Exercise directions: Reproduce only the top of the records, down to and including the line containing "2803 Glenn Hills".

Recorded data:
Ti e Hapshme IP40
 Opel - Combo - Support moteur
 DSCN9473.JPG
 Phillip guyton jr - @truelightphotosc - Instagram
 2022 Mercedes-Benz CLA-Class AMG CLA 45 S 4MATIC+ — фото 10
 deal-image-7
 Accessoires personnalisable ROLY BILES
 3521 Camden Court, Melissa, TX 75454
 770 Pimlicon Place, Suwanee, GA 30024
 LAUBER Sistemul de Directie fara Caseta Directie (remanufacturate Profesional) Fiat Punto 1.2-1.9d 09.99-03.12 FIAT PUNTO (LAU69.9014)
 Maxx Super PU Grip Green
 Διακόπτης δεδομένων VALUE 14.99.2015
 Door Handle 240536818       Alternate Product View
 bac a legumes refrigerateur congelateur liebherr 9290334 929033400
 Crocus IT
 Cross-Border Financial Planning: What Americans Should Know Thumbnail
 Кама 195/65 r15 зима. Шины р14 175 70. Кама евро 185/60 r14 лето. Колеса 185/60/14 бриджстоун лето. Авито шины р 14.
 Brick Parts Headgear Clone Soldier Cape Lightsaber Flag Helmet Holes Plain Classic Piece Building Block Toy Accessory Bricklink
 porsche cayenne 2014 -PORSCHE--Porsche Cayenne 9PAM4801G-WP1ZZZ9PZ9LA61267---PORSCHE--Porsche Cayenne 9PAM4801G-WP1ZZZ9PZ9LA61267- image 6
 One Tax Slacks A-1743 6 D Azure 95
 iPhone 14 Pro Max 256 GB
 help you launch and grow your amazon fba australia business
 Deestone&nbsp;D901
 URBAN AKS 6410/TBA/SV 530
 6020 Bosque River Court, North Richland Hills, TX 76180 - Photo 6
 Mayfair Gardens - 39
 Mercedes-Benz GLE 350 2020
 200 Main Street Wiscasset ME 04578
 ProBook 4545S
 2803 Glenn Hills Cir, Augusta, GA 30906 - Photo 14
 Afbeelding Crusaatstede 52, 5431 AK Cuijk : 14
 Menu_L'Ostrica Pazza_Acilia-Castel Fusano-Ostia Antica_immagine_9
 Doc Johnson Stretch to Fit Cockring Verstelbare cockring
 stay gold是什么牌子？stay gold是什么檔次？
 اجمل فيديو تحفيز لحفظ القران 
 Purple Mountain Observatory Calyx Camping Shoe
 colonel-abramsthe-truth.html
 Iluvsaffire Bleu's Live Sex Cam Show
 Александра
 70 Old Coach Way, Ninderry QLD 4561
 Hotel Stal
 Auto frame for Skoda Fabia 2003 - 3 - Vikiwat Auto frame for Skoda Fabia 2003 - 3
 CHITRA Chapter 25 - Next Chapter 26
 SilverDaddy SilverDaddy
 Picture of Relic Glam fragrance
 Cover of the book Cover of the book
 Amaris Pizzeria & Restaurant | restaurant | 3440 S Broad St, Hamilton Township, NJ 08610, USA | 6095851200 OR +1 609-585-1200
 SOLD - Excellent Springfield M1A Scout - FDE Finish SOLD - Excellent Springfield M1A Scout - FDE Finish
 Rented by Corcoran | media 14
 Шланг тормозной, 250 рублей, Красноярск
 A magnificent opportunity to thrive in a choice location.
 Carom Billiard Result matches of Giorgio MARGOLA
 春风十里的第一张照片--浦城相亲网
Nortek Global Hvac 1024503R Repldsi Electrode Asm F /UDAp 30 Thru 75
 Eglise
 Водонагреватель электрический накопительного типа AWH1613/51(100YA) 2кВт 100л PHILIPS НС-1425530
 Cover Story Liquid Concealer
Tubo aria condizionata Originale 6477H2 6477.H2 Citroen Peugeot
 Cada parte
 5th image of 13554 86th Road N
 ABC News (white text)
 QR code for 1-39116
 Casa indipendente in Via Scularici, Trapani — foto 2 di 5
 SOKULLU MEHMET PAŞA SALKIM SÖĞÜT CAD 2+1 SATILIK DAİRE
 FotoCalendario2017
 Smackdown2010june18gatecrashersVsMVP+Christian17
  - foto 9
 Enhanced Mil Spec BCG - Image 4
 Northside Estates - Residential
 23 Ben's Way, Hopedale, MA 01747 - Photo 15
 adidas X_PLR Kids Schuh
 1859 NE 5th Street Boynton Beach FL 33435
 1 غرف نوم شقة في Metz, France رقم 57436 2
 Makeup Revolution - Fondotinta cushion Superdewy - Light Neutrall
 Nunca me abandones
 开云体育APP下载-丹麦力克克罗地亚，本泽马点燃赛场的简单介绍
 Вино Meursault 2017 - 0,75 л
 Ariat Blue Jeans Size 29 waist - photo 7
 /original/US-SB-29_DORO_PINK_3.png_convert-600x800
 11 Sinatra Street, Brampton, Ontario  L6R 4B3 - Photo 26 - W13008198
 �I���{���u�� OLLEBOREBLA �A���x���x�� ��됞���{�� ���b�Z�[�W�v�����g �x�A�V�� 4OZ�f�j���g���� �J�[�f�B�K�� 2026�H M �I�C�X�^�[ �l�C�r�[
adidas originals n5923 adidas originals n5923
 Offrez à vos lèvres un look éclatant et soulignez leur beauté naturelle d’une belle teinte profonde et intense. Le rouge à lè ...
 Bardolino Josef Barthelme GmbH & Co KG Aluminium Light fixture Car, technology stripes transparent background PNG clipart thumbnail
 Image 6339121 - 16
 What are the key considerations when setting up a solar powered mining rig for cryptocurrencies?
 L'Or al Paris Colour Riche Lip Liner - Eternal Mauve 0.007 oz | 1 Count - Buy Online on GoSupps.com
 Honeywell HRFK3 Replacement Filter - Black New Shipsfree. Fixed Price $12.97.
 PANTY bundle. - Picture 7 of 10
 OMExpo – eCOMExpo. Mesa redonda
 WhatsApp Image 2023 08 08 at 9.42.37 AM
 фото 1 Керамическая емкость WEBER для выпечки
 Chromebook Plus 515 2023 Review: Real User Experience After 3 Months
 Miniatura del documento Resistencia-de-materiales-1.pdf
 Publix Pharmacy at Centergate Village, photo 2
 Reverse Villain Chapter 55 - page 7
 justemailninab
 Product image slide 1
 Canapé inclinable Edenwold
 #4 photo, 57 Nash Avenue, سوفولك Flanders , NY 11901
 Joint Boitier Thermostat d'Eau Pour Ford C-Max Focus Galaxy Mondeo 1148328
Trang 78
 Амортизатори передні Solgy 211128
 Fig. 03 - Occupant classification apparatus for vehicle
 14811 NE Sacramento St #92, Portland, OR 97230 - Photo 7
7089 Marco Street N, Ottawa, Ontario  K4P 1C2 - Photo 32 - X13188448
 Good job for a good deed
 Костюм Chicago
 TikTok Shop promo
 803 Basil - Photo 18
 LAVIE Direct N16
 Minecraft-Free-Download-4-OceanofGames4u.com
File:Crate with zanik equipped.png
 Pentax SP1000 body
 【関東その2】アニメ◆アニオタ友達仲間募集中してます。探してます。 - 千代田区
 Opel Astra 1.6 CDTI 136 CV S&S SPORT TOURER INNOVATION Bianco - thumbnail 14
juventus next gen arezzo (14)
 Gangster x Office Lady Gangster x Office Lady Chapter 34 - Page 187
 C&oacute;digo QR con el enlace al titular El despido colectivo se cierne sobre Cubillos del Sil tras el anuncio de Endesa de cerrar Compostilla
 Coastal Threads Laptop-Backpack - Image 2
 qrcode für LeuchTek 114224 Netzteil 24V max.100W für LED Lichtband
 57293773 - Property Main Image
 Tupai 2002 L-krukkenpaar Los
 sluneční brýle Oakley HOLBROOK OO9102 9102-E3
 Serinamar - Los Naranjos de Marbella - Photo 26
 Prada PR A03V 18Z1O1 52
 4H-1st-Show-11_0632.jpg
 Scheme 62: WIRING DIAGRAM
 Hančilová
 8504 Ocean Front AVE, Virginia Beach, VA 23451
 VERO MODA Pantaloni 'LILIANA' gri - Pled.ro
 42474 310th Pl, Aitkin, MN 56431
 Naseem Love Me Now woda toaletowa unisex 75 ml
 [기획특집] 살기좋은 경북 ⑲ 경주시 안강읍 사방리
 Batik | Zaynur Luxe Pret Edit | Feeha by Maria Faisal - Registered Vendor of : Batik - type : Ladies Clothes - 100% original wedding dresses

Finished exercise:
Ti e Hapshme IP40
 Opel - Combo - Support moteur
 DSCN9473.JPG
 Phillip guyton jr - @truelightphotosc - Instagram
 2022 Mercedes-Benz CLA-Class AMG CLA 45 S 4MATIC+ — фото 10
 deal-image-7
 Accessoires personnalisable ROLY BILES
 3521 Camden Court, Melissa, TX 75454
 770 Pimlicon Place, Suwanee, GA 30024
 LAUBER Sistemul de Directie fara Caseta Directie (remanufacturate Profesional) Fiat Punto 1.2-1.9d 09.99-03.12 FIAT PUNTO (LAU69.9014)
 Maxx Super PU Grip Green
 Διακόπτης δεδομένων VALUE 14.99.2015
 Door Handle 240536818       Alternate Product View
 bac a legumes refrigerateur congelateur liebherr 9290334 929033400
 Crocus IT
 Cross-Border Financial Planning: What Americans Should Know Thumbnail
 Кама 195/65 r15 зима. Шины р14 175 70. Кама евро 185/60 r14 лето. Колеса 185/60/14 бриджстоун лето. Авито шины р 14.
 Brick Parts Headgear Clone Soldier Cape Lightsaber Flag Helmet Holes Plain Classic Piece Building Block Toy Accessory Bricklink
 porsche cayenne 2014 -PORSCHE--Porsche Cayenne 9PAM4801G-WP1ZZZ9PZ9LA61267---PORSCHE--Porsche Cayenne 9PAM4801G-WP1ZZZ9PZ9LA61267- image 6
 One Tax Slacks A-1743 6 D Azure 95
 iPhone 14 Pro Max 256 GB
 help you launch and grow your amazon fba australia business
 Deestone&nbsp;D901
 URBAN AKS 6410/TBA/SV 530
 6020 Bosque River Court, North Richland Hills, TX 76180 - Photo 6
 Mayfair Gardens - 39
 Mercedes-Benz GLE 350 2020
 200 Main Street Wiscasset ME 04578
 ProBook 4545S
 2803 Glenn Hills Cir, Augusta, GA 30906 - Photo 14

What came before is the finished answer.